It is officially cold here and there is nothing more comforting than homemade biscuits, at least not to me. Add some cheddar and garlic? Pure winter comfort food. All thanks to the 2014 Milk Calendar filled with recipes from dairy farmers across Canada.
Honestly, I mean it. They included all the ingredients I would need to make Meaghan Thornill’s garlic cheddar biscuits. “I grew up a city girl, but luckily fell in love with Laughlin, a sixth-generation dairy farmers. Now I can’t imagine life without my cows.”
Do not have a copy? No problem. Go here to see if you can get it delivered to your area.

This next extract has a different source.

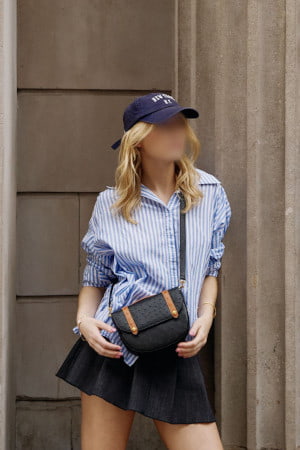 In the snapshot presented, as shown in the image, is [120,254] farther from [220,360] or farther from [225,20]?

This year you have a whole range of different types of recipes and each one is made with at least one half cup of milk. There are also newly-developed recipes for cheese, cream and baking.
You will need: 2 cups flour, 2 tbsp baking powder, 1/2 tsp cream of tartar, 1/2 tsp sugar, 1/2 tsp salt, 1/2 cup cold cubed butter, 1 cup shredded cheese (old cheddar, marble or Monterey Jack), 1/3 cup chopped green onions, 1 cup milk, 2 tbsp melted butter and 1/4 tsp garlic powder.
Combine flour, baking powder, cream of tartar, sugar and salt. Use a pastry blender or two knives to cut in butter.
You want it to be crumbly.
Stir in the cheese and green onions.
Slowly add milk, stirring with a fork (OK, I used a spoon) until the batter is a soft-dough consistency.
Knead together a few times on a lightly floured surface until it holds together. Roll out until 3/4″ thickness. (I totally LOVE my new-to-me marble rolling pin BTW.)
Cut into squares or use a 3″ cookie cutter. I used a 2 3/4″ biscuit cutter. To get 12 biscuits I rerolled scraps.
I put them on parchment-lined baking pans and made sure there was an inch or two between them. I slathered them with the melted butter that I combined with the garlic powder.
I baked them in a preheated 450F oven for 15 minutes but you can go up to 20. Although you are supposed to bake them for 12 minutes, brush with remaining butter mixture and then finish baking. I had no butter left over so I just let them bake.
Perfection! I mean it. These were not too dry but super tasty. I served them with dinner on Friday night and Reg (who is not a fan of biscuits) ate them up.
In fact I used them to make egg sandwiches along with our turkey sausage for weekend brunch and I was in foodie heaven. I give these biscuits five out of five wooden spoons. I can not imagine how you could improve upon them and I can understand why Meaghan makes a double batch. Ours were gone in no time.
Casseroles, soup, pancakes, pasta, smoothies… the 2014 Milk Calendar is going to keep me inspired all year.